It is our task to discover indigenous principles of architectural techniques and planning methods and to clarify the relationship between regions. I wrote two text books, one is “A History of Asian Cities and Architecture”, which is now on the process of translation both in China and Korea and the other is “The Houses across the World”. I think a plenty of works to stimulate our curiosity in Asian fields are left.

How to define geographical range of Asia and how to differentiate the periods in history is the first issue to discuss. We indeed need a global view of architectural history.

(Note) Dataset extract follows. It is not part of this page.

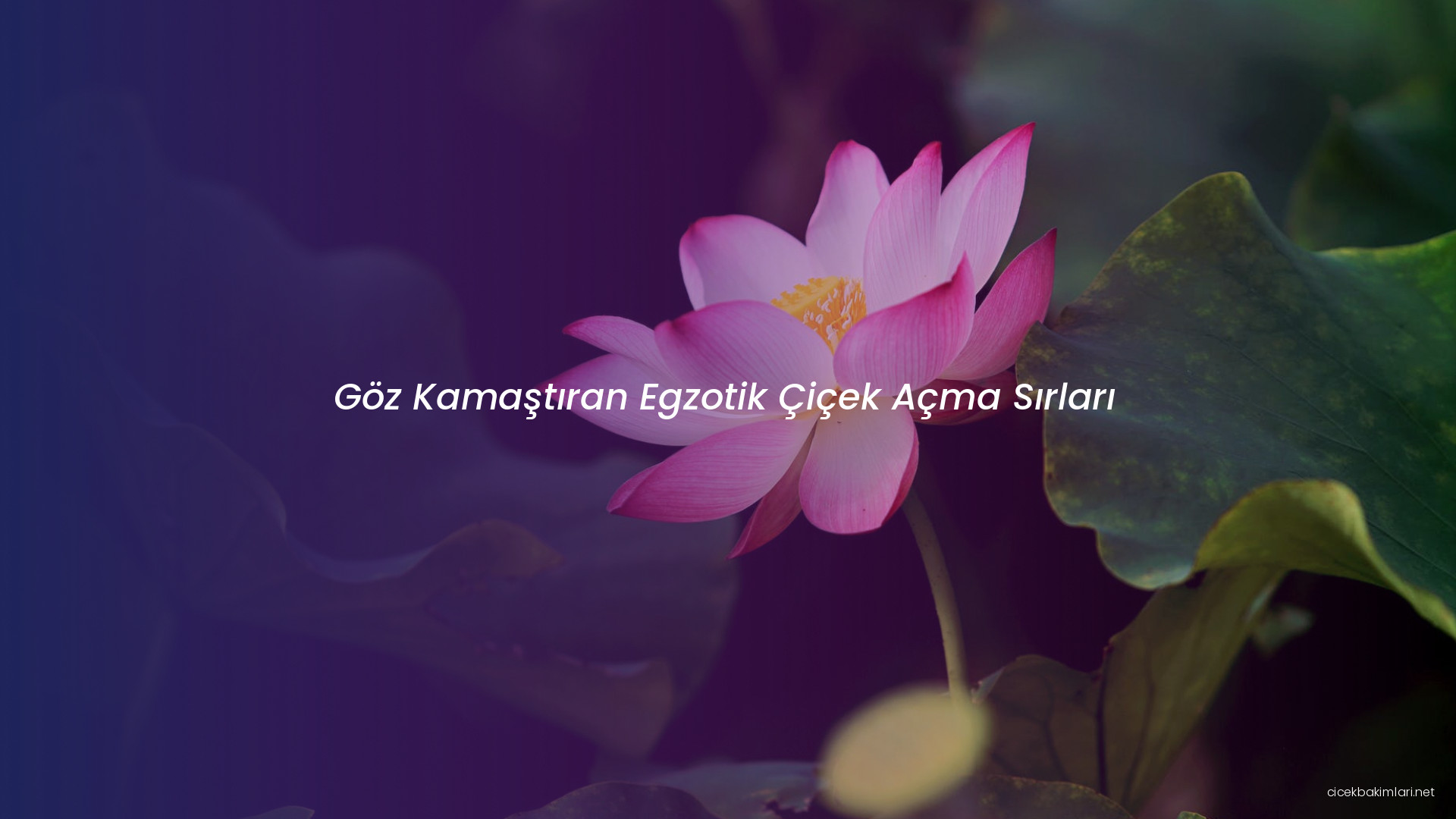 Göz Kamaştıran Egzotik Çiçek Açma Sırları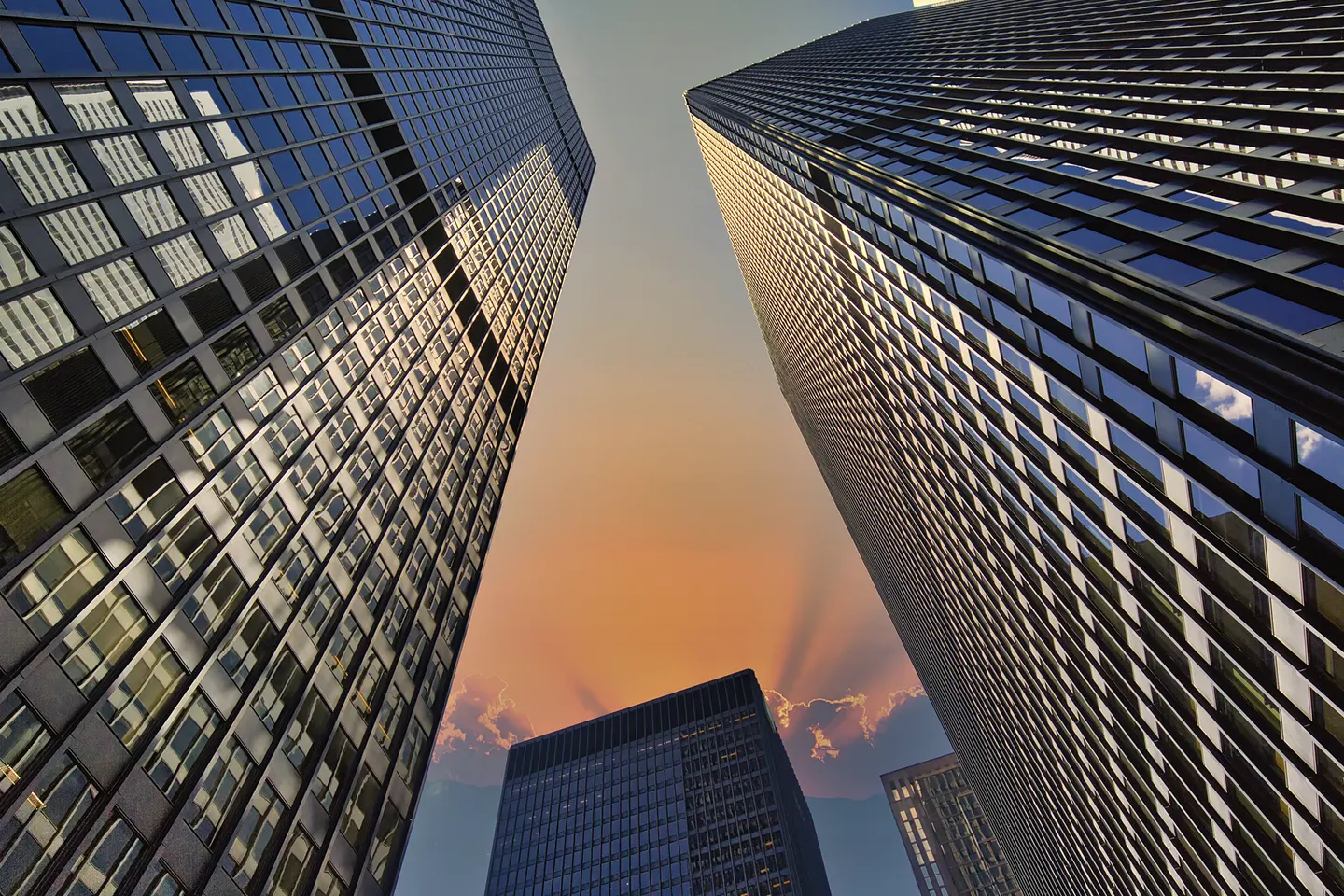 Pat Sackville Joins Sussex Strategy Group as Partner & Head, Strategy & Growth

I suppose the world of vernacular architecture as a base in each region. From the north to the south and from the east and west, Eurasia is consisted of various districts from the ecological view point. And Asia has 3 regional cores of urban civilizations, Egypt, Mesopotamia, Indus and Huang He, the influence of which extended all over Asia. Islam, Hinduism and Buddhism that rose and spread in Asia created the architectural tradition of building types needed. Chinese tradition of architecture and city planning is also very influential especially in East and Southeast Asia. If we see the architectural tradition in Southeast Asia, several layers of influences, which are Indianization, Sinicization, Islamication, Westernization, and Modernization, are differentiated in even one city.

What we should clarify is not one urban system but various streams of architectural traditions in Asia.

If we look at the tradition of cities in Asia, several stories are needed to be discussed. Asia is roughly divided into two areas in terms of interrelations with urban form and cosmologies. Asia has two cores, which established the idea of city, India and China. Both had strong influences to their peripheral regions. Hindu idea of City, which had been written in “Arthasastra” or “Vastusastra”s like “Manasara” and “Mayamata”, was transmitted to Southeast Asian regions like Angkor, Myanmar, Thailand, Jawa, and Cakranegara. Ancient Chinese Idea of capital city, which had been described in “周礼考工記 and implemented later in the form of Beijing, are transmitted to Korea, Japan, and Vietnam. However, in western part of Eurasia where is now mostly Islam regions, we cannot find interrelations between the form of the city and cosmology in the regions. We have to clarify the various urban traditions in Asia.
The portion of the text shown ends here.